* _The task_:
An exact restatement of all the data is required, with the pictures left out.
+++ Data extract +++
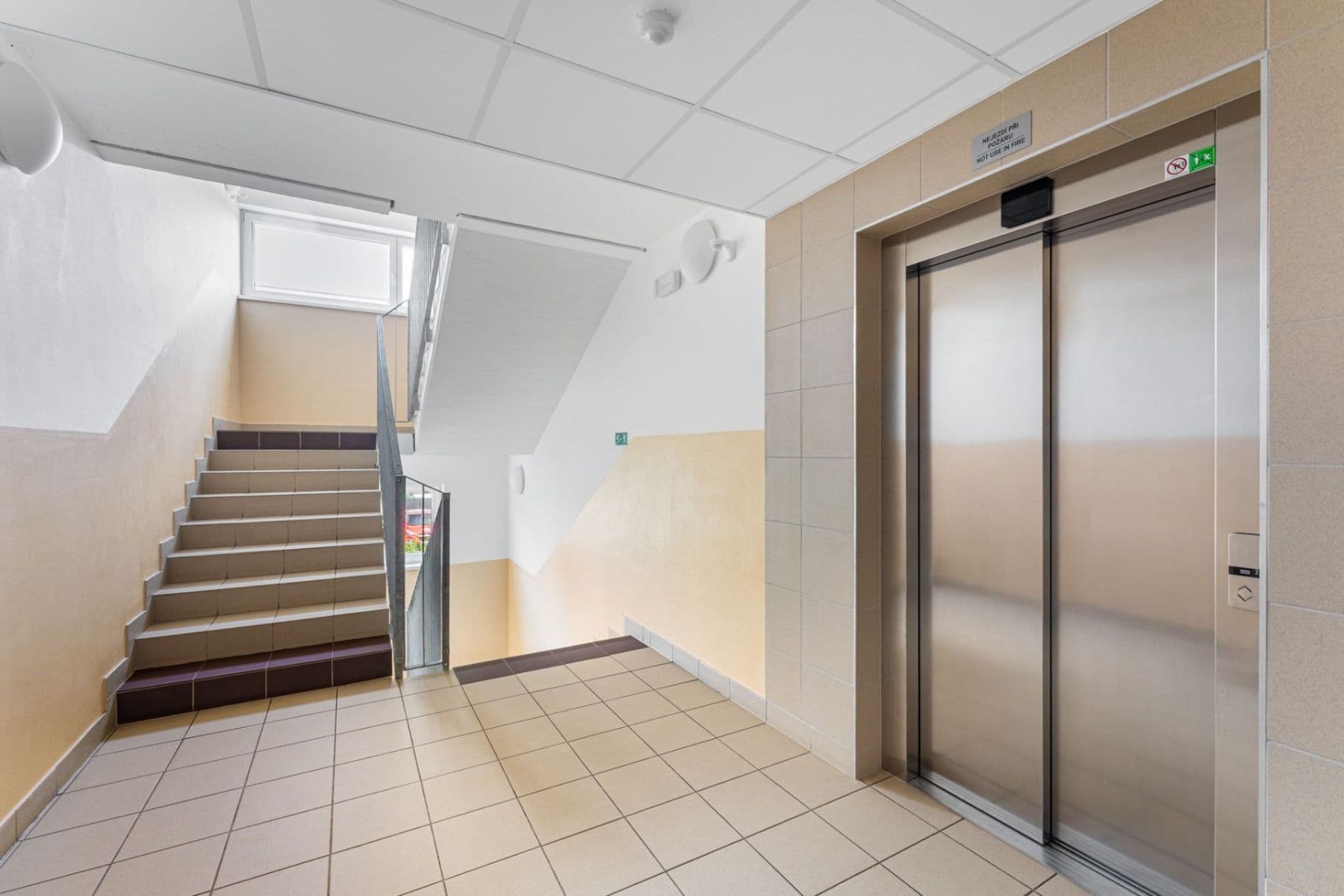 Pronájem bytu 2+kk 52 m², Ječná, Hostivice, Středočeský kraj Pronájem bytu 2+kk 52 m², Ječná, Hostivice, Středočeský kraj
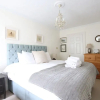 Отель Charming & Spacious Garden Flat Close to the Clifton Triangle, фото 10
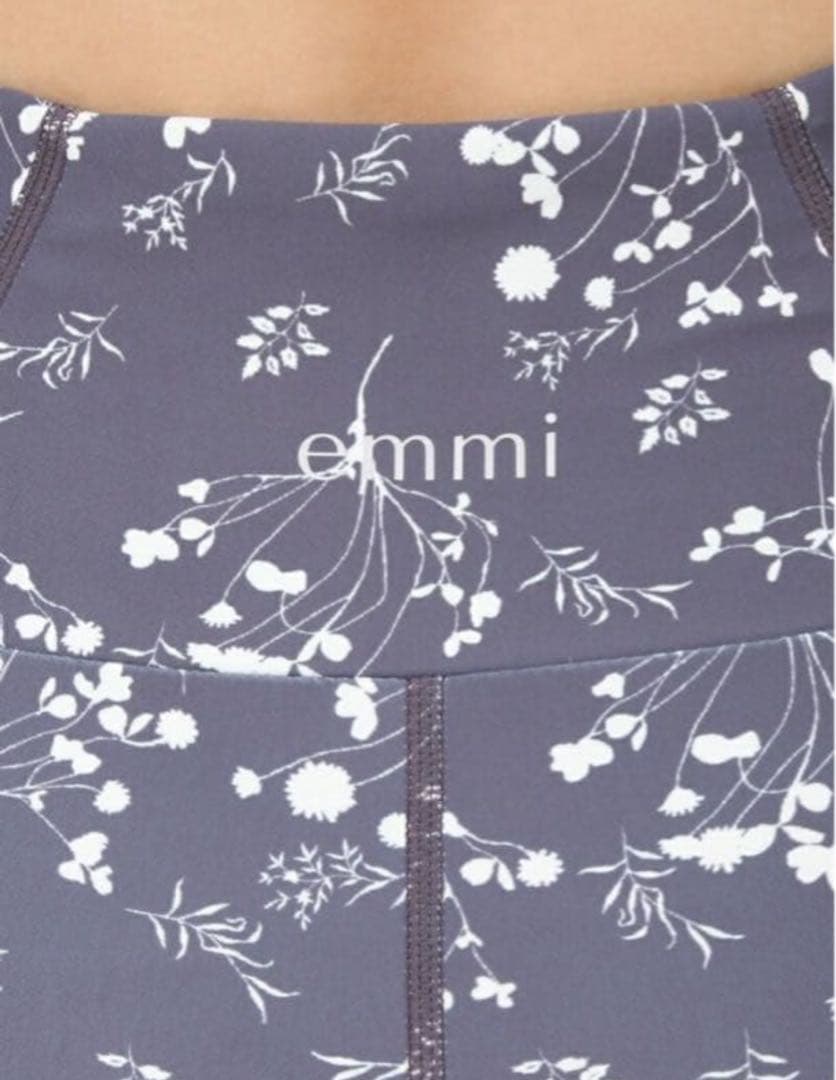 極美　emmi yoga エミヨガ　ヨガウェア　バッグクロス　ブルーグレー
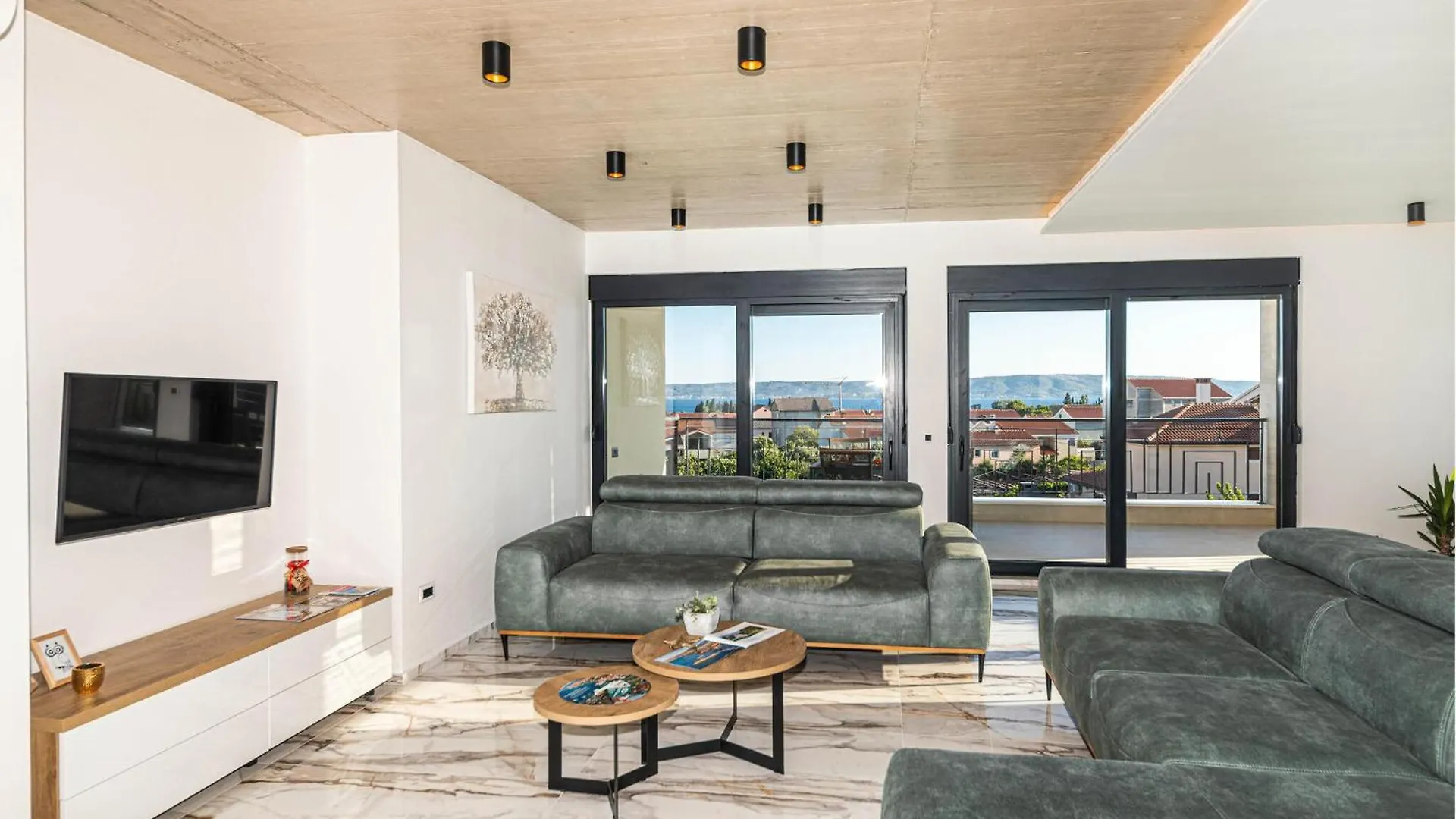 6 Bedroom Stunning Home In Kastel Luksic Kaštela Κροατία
+++
* _Expected output_:
 Pronájem bytu 2+kk 52 m², Ječná, Hostivice, Středočeský kraj Pronájem bytu 2+kk 52 m², Ječná, Hostivice, Středočeský kraj
 Отель Charming & Spacious Garden Flat Close to the Clifton Triangle, фото 10
 極美　emmi yoga エミヨガ　ヨガウェア　バッグクロス　ブルーグレー
 6 Bedroom Stunning Home In Kastel Luksic Kaštela Κροατία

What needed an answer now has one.